» What is being asked
Every line from the line containing "Donor Priorities ¡" to the end of the data must appear in the answer exactly as it appears there, and nothing else.

» Data segment

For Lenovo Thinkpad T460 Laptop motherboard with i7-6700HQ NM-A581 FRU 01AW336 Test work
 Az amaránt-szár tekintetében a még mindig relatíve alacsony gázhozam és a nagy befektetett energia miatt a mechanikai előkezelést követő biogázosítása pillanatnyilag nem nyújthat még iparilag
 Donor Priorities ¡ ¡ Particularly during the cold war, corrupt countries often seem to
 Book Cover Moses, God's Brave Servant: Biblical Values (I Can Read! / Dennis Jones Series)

» Result of the task
 Donor Priorities ¡ ¡ Particularly during the cold war, corrupt countries often seem to
 Book Cover Moses, God's Brave Servant: Biblical Values (I Can Read! / Dennis Jones Series)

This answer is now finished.